Ben Hande Karadeniz. Size cezaevinde olduğum için mektup yazarak ulaşabildim. Acil bir şekilde sizin yardımınıza ihtiyacım var. Kocamın bir takım borçları, vergi kaçırma ve kara para aklama suçlarından dolayı haksız yere ceza aldım. İnanın ben suçsuzum. Kocam olaylardan sonra kaçtı ortalarda yok. Bana yardım edebilecek kimsem de yok. Aklıma siz geldiniz. Beni buradan ancak siz çıkartabilirsiniz. Avukat tutmakta bile çok zorlanıyorum. Peşimde büyük bir bela var. Lafı daha fazla uzatmayacağım. Bunları daha detaylı ve yüz yüze konuşmak isterseniz Marmara Cezaevi'ndeyim."

Ağzım açık bir şekilde mektubu okudum ve 2 dakikadır kağıtla bakışıyorum. Her şeyden önce bu kadın benim adresimi nereden biliyor?! Ofisimin adresini bilse neyse o her yerde var. Acaba komşularımdan birisini tanıyor da onlardan birinden mi aldı? Ay ne diyorum ben ya. Şoktan saçmalamaya başladım iyice. Niye böyle bir şey yapsınlar? Hem bu bir suç. Hem de benim bu konularda ne kadar deli birisi olduğumu en iyi onlar biliyorlar.

Gergince salonda volta atmaya başladım. Tamam. Öncelikle sakin olmalıydım. Sağlıklı düşünebilmem için önce sakin ve soğukkanlı davranmam gerekiyor. Bu Hande denen kadın kim? Beni nereden tanıyor? Neden aramadı? Neden mektup yazıp evime yolladı? İçimden bir ses o cezaevine gitmem gerektiğini, kafamdaki soruların orada cevap bulacağını söylüyor. Polise gitmeli miyim, diyeceğim de polisten de bir şey çıkacağını sanmam. Her neyse. Bence yarın o cezaevine gitmeliyim. İşin aslı neymiş ancak öyle öğrenebilirim gibi görünüyor. Bu işin içinde başka bir şey var gibi ama ne bilmiyorum. Umarım haklı çıkmam.

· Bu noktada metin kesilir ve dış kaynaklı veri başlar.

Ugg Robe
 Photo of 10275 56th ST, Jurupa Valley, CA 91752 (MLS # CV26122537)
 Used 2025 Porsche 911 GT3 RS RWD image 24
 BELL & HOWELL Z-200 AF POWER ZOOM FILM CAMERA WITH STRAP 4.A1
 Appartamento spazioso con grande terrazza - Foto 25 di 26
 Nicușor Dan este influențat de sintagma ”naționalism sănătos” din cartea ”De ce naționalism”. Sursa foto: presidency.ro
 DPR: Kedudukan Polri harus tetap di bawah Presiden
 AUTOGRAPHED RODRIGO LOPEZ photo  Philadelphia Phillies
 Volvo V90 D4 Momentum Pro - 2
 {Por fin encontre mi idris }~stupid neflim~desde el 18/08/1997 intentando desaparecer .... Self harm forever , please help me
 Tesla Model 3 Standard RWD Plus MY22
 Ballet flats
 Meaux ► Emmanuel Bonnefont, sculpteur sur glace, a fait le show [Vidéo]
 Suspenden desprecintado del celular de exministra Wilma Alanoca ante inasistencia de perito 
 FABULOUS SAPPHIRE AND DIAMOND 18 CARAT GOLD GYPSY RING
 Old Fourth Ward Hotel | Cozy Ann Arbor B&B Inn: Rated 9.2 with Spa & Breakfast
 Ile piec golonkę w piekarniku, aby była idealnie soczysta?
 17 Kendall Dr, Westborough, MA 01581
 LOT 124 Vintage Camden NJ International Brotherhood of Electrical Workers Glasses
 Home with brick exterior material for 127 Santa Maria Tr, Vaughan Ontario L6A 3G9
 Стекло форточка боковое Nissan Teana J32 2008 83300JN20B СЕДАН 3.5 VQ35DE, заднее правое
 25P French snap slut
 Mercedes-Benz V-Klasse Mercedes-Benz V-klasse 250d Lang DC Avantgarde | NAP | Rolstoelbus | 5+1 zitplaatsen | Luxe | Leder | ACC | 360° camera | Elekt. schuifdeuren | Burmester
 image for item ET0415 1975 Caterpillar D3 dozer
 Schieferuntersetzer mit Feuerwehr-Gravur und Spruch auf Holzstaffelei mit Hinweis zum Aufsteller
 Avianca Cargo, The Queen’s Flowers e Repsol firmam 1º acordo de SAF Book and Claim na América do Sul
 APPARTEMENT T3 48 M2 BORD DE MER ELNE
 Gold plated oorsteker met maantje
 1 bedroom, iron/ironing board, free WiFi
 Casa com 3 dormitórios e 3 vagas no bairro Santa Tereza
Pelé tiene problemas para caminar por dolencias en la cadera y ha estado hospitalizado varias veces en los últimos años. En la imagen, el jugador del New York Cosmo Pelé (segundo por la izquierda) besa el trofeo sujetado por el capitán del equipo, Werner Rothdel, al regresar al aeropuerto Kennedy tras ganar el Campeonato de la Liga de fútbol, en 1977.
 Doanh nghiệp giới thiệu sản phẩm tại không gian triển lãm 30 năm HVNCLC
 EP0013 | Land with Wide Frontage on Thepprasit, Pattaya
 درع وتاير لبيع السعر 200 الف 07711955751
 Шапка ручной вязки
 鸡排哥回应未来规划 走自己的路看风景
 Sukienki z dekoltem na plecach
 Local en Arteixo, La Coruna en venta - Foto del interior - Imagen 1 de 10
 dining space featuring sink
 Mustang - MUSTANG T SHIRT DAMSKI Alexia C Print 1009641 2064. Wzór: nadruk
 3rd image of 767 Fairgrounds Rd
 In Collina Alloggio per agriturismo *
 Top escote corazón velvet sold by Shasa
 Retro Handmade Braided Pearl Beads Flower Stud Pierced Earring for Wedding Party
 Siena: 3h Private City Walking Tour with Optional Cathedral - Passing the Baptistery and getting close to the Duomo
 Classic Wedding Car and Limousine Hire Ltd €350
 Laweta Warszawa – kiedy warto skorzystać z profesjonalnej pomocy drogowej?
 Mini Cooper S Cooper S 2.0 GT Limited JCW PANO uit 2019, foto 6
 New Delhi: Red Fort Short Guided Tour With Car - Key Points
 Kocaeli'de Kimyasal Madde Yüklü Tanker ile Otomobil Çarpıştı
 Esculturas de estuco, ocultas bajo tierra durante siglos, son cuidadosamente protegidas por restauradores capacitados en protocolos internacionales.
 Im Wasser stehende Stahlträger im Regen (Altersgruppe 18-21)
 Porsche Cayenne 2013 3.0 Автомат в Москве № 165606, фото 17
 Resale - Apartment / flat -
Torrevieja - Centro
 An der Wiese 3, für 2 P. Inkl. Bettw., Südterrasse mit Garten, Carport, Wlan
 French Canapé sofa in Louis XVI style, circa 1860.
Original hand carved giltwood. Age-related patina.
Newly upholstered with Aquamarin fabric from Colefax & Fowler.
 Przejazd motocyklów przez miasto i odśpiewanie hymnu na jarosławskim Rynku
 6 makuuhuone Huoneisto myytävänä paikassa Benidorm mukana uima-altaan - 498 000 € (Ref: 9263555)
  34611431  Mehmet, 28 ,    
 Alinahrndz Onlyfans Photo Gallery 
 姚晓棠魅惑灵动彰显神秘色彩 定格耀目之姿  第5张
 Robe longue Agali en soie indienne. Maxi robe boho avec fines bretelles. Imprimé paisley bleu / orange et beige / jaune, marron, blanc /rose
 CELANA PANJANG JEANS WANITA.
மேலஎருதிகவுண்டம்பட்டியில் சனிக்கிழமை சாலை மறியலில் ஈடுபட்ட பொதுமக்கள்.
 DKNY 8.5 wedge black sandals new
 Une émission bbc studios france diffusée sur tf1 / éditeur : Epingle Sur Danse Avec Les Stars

Gece oldu. Ama benim hala aklım bana gelen mektupta. Yorganımı üzerime çekmiş karşımdaki aynayla yarım saattir bakışıyorum. Ben galiba bu sıkıntıyla uyuyamayacağım. Bu huyumdan gerçekten nefret ediyorum. Bir şeye kafayı taktım mı ondan başka hiçbir şey düşünemiyorum. Bir an önce kendimi zorlayıp uyumalıyım. Yoksa sabah kalkamayacağım. Abajurun ışığını kapatıp yorganımı boynuma kadar çektim. Kafamı yastığa koyup gözlerimi kapattım. Yarın benim için nasıl olacaktı acaba?

Beynimi kemiren alarmımın sesiyle hızla yataktan kalktım. Evet geç uyumuştum. Üstelik hala da uykum vardı. Off, hepsi senin yüzünden Hande! Banyoya girip yüzüme 5-6 kere su çarptım. Biraz olsun kendime gelmiştim şimdi. Banyodan çıkıp kendime hemen bir kahvaltı hazırladım. Bir yandan yerken bir yandan da telefonumdan trafik durumuna bakıyordum. Şansıma hem bugün gireceğim bir duruşma yoktu hem de trafik açıktı. Keşke işlerim hep böyle yolunda gitse. Kahvaltımı bitirip sofrayı topladıktan sonra hemen odama geçip üzerimi değiştirdim. Hafif bir makyaj da yaptım mı işte şimdi hazırdım. Spor ayakkabılarımı giyip askıdan arabamın anahtarını da aldığım gibi evden çıktım.

Asansörle otoparka indiğimde bağırış sesleri geliyordu. Kaşlarımı çatıp seslerin olduğu yöne baktığımda iki tane adam tartışıyordu. Gözlerimi devirip arabamın kapısını açıp hızla oradan uzaklaştım. Yiyin birbirinizi. Sizinle mi uğraşacağım bir de. Bu sitede abuk subuk sebeplerden tartışmadığınızı görsem dişimi kıracağım zaten. Çocuklardan bile betersiniz. Ne kadar manyak varsa hepsi dibimde biter zaten. Hiç şaşmaz.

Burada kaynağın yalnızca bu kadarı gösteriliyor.